Hallo, wegen eines Problems mit PayPal, das eine Freundin hat, haben wir in einer Runde diskutiert. Am 4.8.08 wurde von USA aus ein Kauf im Internet getätigt. Obwohl es sich um einen kleinen Betrag handelte, war ungücklicherweise das deutsche Verrechnungskonto nicht gedeckt. PayPal gab keine Nachricht, sondern machte im 2 Tage-Turnus Abbuchungsversuche. Am 14.11.08 kam ein Schreiben von deren Anwalt KSP mit der Behauptung, die Freundin hätte auf mehrere Mahnungen per email nicht reagiert, was nachweislich nicht stimmte.

Duch den zeitlich großen Abstand und sonstigen Stress war die Forderung nicht mehr in Erinnerung. Die Freundin schrieb an den Anwalt und bat um Klärung der Forderung. Jetzt erst kam Anwort. Die Angaben waren email Adresse des Empängers und ein Betrag in US$, der nicht stimmt (vermutlich wurde der Betrag genannt, der sich errechnete einscließlich der vielen Rückbuchungen) Angabe in US$ und Euro (Umrechnungskurs stimmt überhaupt nicht).

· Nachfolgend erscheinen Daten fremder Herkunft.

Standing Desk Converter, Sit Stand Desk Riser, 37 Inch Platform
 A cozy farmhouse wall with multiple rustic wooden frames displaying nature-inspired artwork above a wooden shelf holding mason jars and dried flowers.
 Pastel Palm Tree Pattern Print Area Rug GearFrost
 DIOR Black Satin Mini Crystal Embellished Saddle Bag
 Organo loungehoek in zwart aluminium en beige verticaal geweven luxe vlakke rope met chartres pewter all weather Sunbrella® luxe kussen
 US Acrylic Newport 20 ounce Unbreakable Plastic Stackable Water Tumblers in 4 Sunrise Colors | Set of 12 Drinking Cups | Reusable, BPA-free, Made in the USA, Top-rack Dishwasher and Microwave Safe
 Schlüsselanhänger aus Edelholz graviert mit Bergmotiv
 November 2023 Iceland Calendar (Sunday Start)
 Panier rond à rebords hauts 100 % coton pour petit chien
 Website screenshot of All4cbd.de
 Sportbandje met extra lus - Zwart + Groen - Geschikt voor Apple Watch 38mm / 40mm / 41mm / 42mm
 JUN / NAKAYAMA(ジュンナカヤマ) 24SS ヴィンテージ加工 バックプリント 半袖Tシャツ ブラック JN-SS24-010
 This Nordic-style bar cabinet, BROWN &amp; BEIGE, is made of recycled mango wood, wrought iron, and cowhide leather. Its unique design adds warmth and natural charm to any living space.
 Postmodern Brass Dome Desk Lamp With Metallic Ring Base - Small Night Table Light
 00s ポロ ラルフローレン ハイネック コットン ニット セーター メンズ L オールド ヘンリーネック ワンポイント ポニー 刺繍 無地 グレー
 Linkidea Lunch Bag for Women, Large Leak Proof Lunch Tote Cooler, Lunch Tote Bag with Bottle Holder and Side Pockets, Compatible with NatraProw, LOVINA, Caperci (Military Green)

Es wird mit Klage gedroht. Die Freundin hat schriftlich erläutert, warum es soweit gekommen ist und die selbst errechnete Hauptforderung von 18,06 € + einer Rückbuchungsgebühr 5,–€ (Diff. zwischen der 1. und 2. Abbuchung) + 5,- € Zuschlag überwiesen und den Brief dem Anwalt per email und Fax zukommen lassen. Muß jetzt noch mit einer Klage gerechnet werden?